* [PROBLEM DESCRIPTION] Please repeat, exactly and with nothing extra, the line containing "Moteur d'essuie-glace ORIGINAL PART" and every line after it up to the end of the material.

* [DATA SHOWN]
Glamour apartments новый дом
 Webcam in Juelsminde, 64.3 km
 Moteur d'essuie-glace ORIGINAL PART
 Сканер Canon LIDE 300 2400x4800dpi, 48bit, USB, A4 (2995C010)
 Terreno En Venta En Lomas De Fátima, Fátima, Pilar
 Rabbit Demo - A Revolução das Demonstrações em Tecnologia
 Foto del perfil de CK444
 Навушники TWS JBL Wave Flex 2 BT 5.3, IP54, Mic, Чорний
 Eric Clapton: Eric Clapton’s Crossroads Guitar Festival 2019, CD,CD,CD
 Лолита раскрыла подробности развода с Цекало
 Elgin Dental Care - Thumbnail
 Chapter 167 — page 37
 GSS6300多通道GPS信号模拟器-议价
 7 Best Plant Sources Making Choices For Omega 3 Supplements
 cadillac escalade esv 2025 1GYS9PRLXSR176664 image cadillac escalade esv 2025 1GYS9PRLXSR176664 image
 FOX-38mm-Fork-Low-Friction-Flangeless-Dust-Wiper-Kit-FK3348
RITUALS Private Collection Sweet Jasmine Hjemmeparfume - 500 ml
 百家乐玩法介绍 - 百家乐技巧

* [SOLUTION TO THIS EXERCISE]
 Moteur d'essuie-glace ORIGINAL PART
 Сканер Canon LIDE 300 2400x4800dpi, 48bit, USB, A4 (2995C010)
 Terreno En Venta En Lomas De Fátima, Fátima, Pilar
 Rabbit Demo - A Revolução das Demonstrações em Tecnologia
 Foto del perfil de CK444
 Навушники TWS JBL Wave Flex 2 BT 5.3, IP54, Mic, Чорний
 Eric Clapton: Eric Clapton’s Crossroads Guitar Festival 2019, CD,CD,CD
 Лолита раскрыла подробности развода с Цекало
 Elgin Dental Care - Thumbnail
 Chapter 167 — page 37
 GSS6300多通道GPS信号模拟器-议价
 7 Best Plant Sources Making Choices For Omega 3 Supplements
 cadillac escalade esv 2025 1GYS9PRLXSR176664 image cadillac escalade esv 2025 1GYS9PRLXSR176664 image
 FOX-38mm-Fork-Low-Friction-Flangeless-Dust-Wiper-Kit-FK3348
RITUALS Private Collection Sweet Jasmine Hjemmeparfume - 500 ml
 百家乐玩法介绍 - 百家乐技巧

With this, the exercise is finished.